**** Data for this exercise

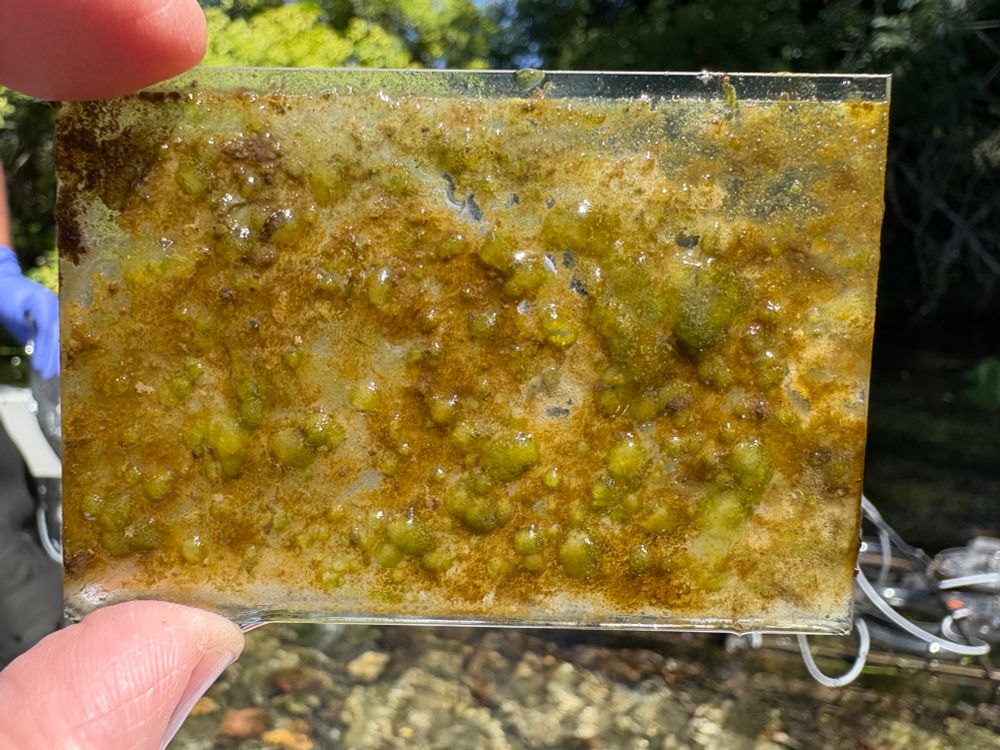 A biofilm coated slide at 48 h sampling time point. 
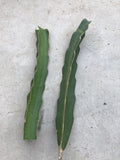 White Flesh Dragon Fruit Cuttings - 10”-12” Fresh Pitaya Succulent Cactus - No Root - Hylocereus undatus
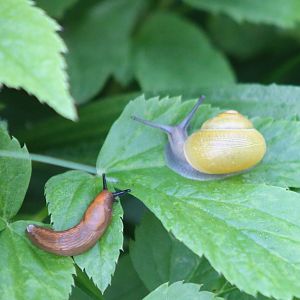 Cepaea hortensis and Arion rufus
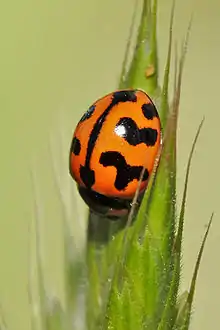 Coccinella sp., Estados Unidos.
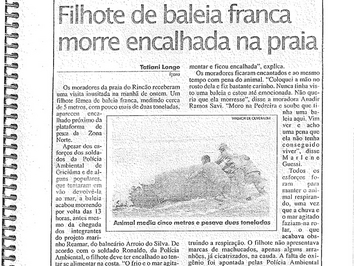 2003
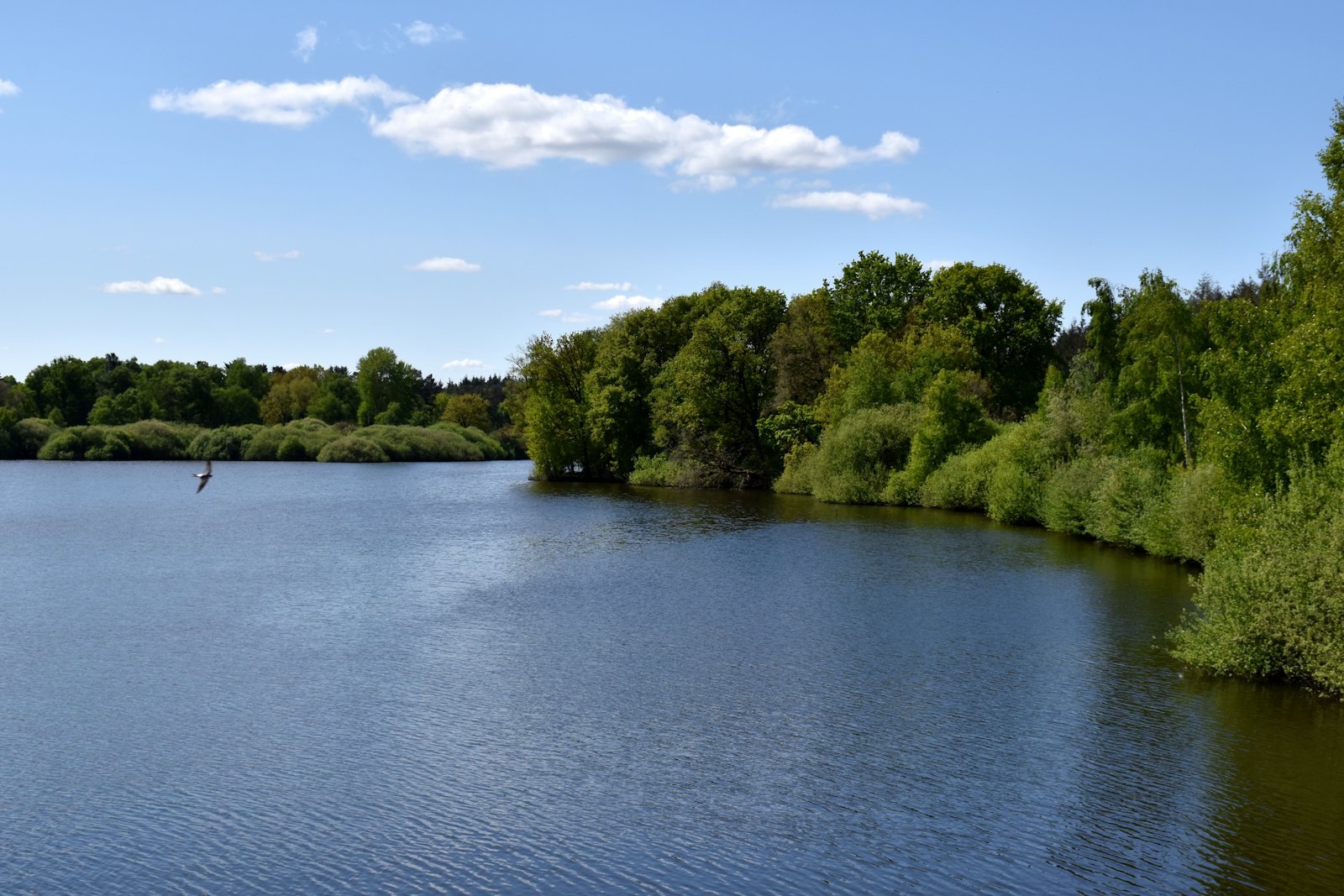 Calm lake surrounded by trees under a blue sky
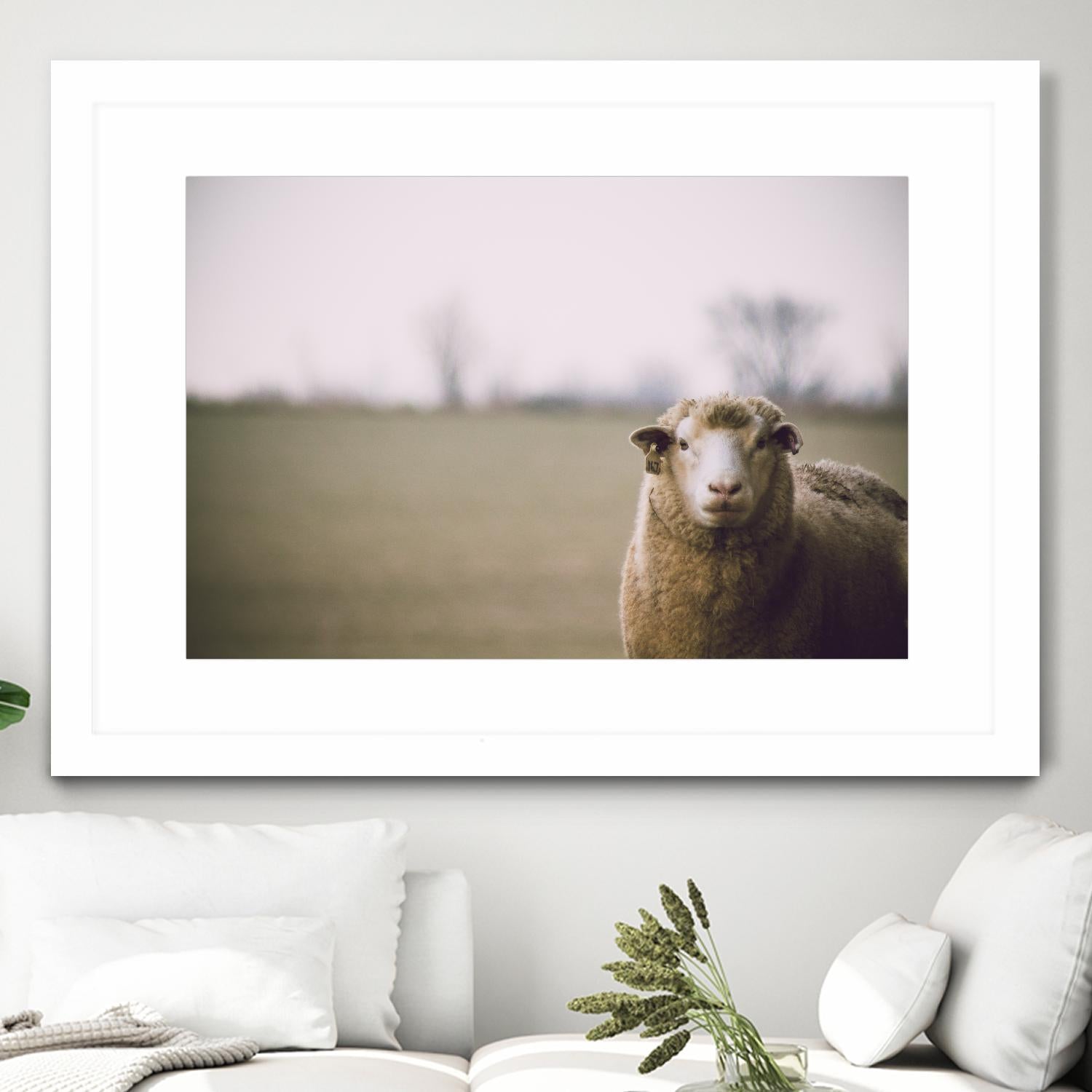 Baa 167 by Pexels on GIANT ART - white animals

********

• What the task asks: Nothing but the lines from the one holding "Cepaea hortensis and Arion rufus" through the last line of the entries should be written out, exactly and inclusively, minus the pictures.

• Reply:
 Cepaea hortensis and Arion rufus
 Coccinella sp., Estados Unidos.
 2003
 Calm lake surrounded by trees under a blue sky
 Baa 167 by Pexels on GIANT ART - white animals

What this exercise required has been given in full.